Quote:
Originally Posted by adios
Windows and Linux system level APIs are C language interfaces more or less. Applications making Windows and/or system level calls would be my guess as to why.
I'm self taught and will admit to knowing very little about system level calls.
The program I wrote in perl ran on ubuntu on aws and did the following:
pull data from data supplier s3 bucket, in the form of gzip'd single line json file.
unzip file
parse lines of json
look for keywords,
if keywords match, grab other data
compare data to our database
if match found in our database put into "good" file, make entry in database
zip up good file
put good file in our s3 bucket
The reason they had abandoned it a few years before I got there is there was so much data no one figured out a way to process it faster than we got it in. We got 100 Million rows a night and it took them a weeks to process.

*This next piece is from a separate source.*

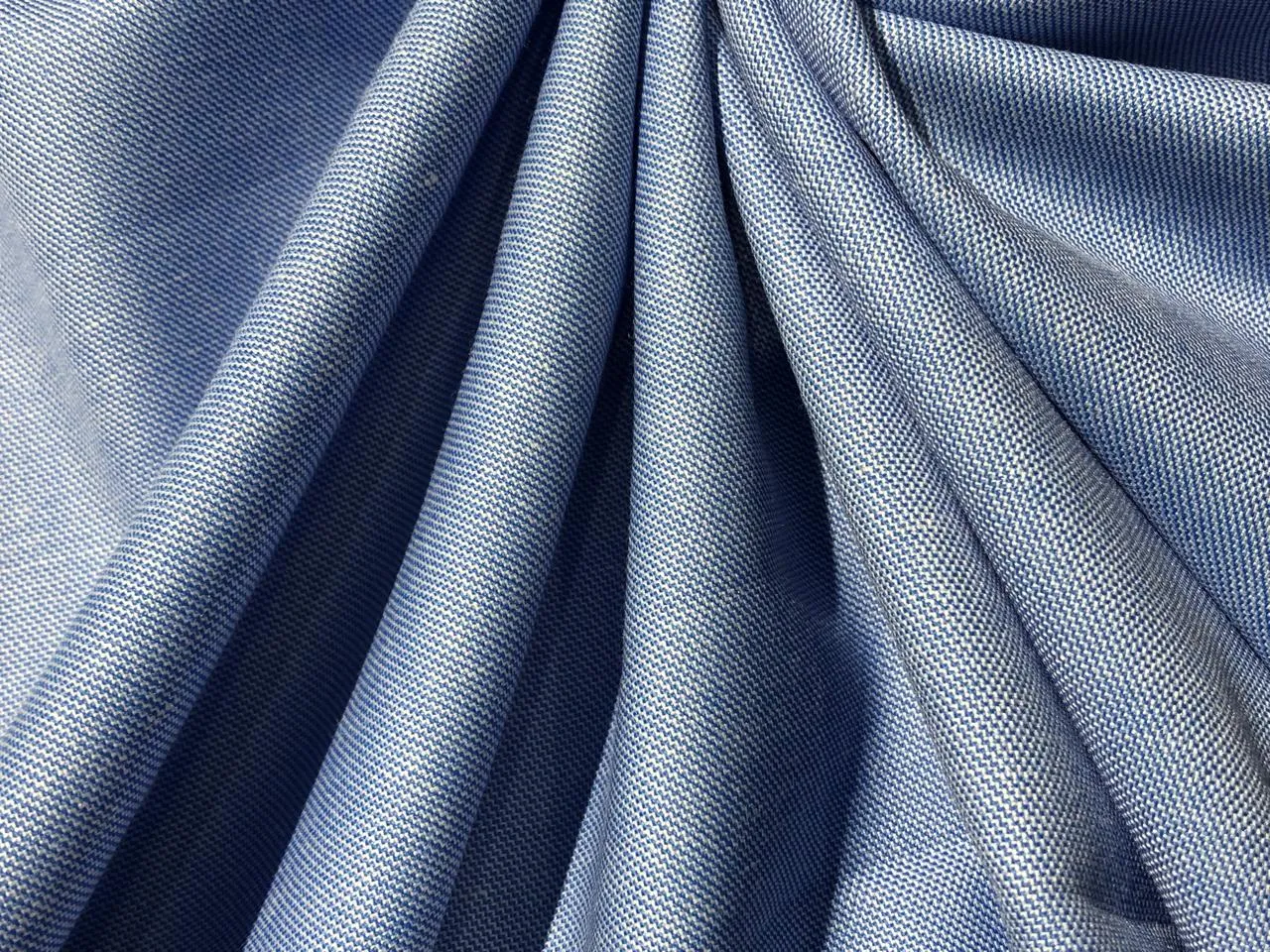 POLY   RAYON Chambray 36 " wide by  available in 4 colors MOCCA BROWN , BLUE,LIGHTER BLUE AND SILVER GREY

When I started my script took 2 weeks to process one day. By using the ssd's on aws, threading, optimizing databases, optimizing sql and threading the hell out of the process I got it down to 4 hours. I also set it up to run on as many servers as you wanted to and farm the work out to them as well which made it as fast as you wanted it to be. The fact that aws had just released 96 cpu boxes and I could run 50 threads at once was a big help too. And yes, before I was fired I was looking into lambda to do this even faster.
I'm guessing they never figured out some of that stuff in python, as the last script that I didn't finish was the one that controlled kicking off threads/servers and parsing out the work.
How much faster would a script running C be than a python one for parsing json and looking for keywords? I know the perl script was way faster than python, but I can't see the savings being enough for a rewrite that's going to take months.
The total aws bill for a month using my perl scripts was going to be <$2000. I set it up with aurora which would shut down when not running, and the 96 cpu boxes would fire up only when needed for processing and then shut down when done so only one dinky little box would run 24/7.